WORK ITEM -> For this exercise, write out exactly the lines of the material from the one containing "Pánske krátke šortky tmavosivé (8K200-5)" through the end, both ends included, and nothing more.
[MATERIAL PROVIDED — start]
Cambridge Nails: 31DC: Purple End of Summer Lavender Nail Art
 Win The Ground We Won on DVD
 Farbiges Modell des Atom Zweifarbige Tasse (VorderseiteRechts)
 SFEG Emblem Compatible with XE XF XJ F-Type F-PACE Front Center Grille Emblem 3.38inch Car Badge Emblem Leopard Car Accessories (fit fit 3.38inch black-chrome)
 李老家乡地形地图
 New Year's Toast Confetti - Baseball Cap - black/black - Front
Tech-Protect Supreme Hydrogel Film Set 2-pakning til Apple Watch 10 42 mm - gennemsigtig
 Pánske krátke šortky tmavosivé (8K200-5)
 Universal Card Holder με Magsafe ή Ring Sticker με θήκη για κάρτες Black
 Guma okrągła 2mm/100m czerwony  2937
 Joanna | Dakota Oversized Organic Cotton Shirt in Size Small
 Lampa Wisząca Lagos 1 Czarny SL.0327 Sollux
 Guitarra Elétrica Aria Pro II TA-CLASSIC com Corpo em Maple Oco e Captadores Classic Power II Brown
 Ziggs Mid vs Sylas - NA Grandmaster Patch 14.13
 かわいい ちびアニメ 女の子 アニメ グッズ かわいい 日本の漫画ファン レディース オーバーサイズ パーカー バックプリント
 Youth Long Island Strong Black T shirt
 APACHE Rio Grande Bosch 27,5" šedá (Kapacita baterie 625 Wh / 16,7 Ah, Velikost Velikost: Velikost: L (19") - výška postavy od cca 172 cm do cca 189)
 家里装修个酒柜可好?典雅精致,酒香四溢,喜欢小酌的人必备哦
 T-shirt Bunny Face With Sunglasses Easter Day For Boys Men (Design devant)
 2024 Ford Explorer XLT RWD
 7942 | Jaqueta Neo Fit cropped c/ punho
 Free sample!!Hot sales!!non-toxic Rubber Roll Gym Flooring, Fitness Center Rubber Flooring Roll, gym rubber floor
[MATERIAL PROVIDED — finish]
WRITTEN ANSWER ->
 Pánske krátke šortky tmavosivé (8K200-5)
 Universal Card Holder με Magsafe ή Ring Sticker με θήκη για κάρτες Black
 Guma okrągła 2mm/100m czerwony  2937
 Joanna | Dakota Oversized Organic Cotton Shirt in Size Small
 Lampa Wisząca Lagos 1 Czarny SL.0327 Sollux
 Guitarra Elétrica Aria Pro II TA-CLASSIC com Corpo em Maple Oco e Captadores Classic Power II Brown
 Ziggs Mid vs Sylas - NA Grandmaster Patch 14.13
 かわいい ちびアニメ 女の子 アニメ グッズ かわいい 日本の漫画ファン レディース オーバーサイズ パーカー バックプリント
 Youth Long Island Strong Black T shirt
 APACHE Rio Grande Bosch 27,5" šedá (Kapacita baterie 625 Wh / 16,7 Ah, Velikost Velikost: Velikost: L (19") - výška postavy od cca 172 cm do cca 189)
 家里装修个酒柜可好?典雅精致,酒香四溢,喜欢小酌的人必备哦
 T-shirt Bunny Face With Sunglasses Easter Day For Boys Men (Design devant)
 2024 Ford Explorer XLT RWD
 7942 | Jaqueta Neo Fit cropped c/ punho
 Free sample!!Hot sales!!non-toxic Rubber Roll Gym Flooring, Fitness Center Rubber Flooring Roll, gym rubber floor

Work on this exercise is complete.